Vem dessa época o mergulho definitivo no vermelho. A cor é o ponto de partida e chegada de suas pinturas, feitas sobre uma superfície coberta inicialmente de preto para só depois se tornar rubra, pois foi assim que Tereza descobriu a técnica de como alcançar o tom certo de sua paleta.
Desse recurso estético, enveredou mais a fundo na arte modernista, pintando obras célebres, como o painel Boi voador (acrílica sobre madeira, 1,60 x 4,40 m), de 1992; Batalha dos Guararapes (acrílica sobre madeira, 1,60 x 4,40 m), de 1999; Ceia larga brasileira ou a Pátria nua (óleo sobre tela, 2,45 x 5,55 m, 1999); e a monumental Apocalipse de Tereza, uma grande serpente feita em tinta acrílica sobre uma superfície de madeira medindo 1,60 m de altura por 12 metros de largura. A obra marcou seu aniversário de 80 anos e, desde então, ela já produziu outros trabalhos de grandes dimensões, incluindo outro painel magistral, Mulheres de Tejucupapo, com 2,2 m x 8 m, que demorou cerca de quatro anos para ser concluído.
Qual o segredo para continuar tão ativa perto dos 90 anos? Tereza brinca, dizendo que a receita da vitalidade é uma taça de vinho e um pote de creme.
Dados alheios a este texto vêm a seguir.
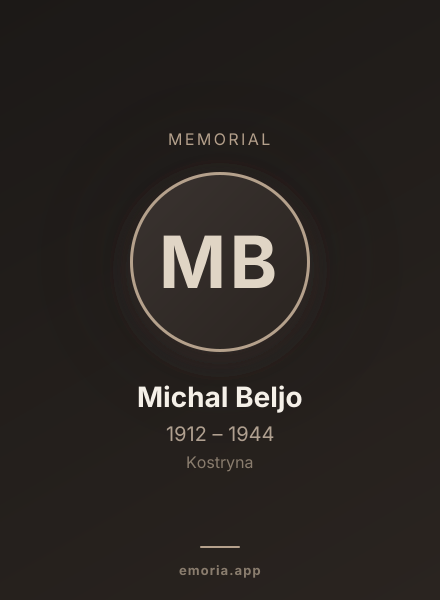 Memorial portrait of Michal Beljo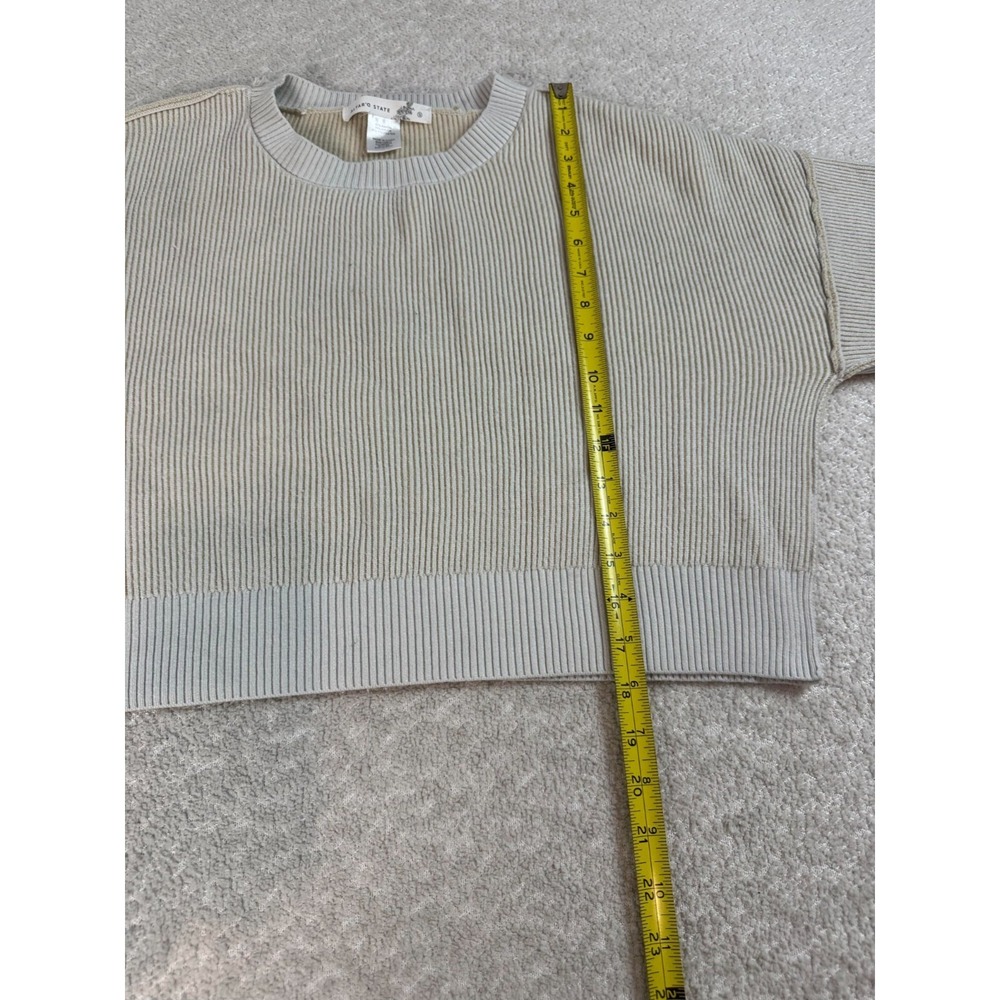 Altar D' State Womens Rib Knit Crew Neck Pullover Sweater Gray Rayon Small - Picture 5 of 6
Além disso, gosta de conviver com pessoas mais jovens. Seu projeto para o ano que vem é criar uma série baseada nos sete pecados capitais, desdobrando os temas bíblicos que continuam a perseguir, de forma crítica, como assunto inesgotável de sua obra. Não resta dúvidas de que é a arte que a mantém de pé, com muita bravura.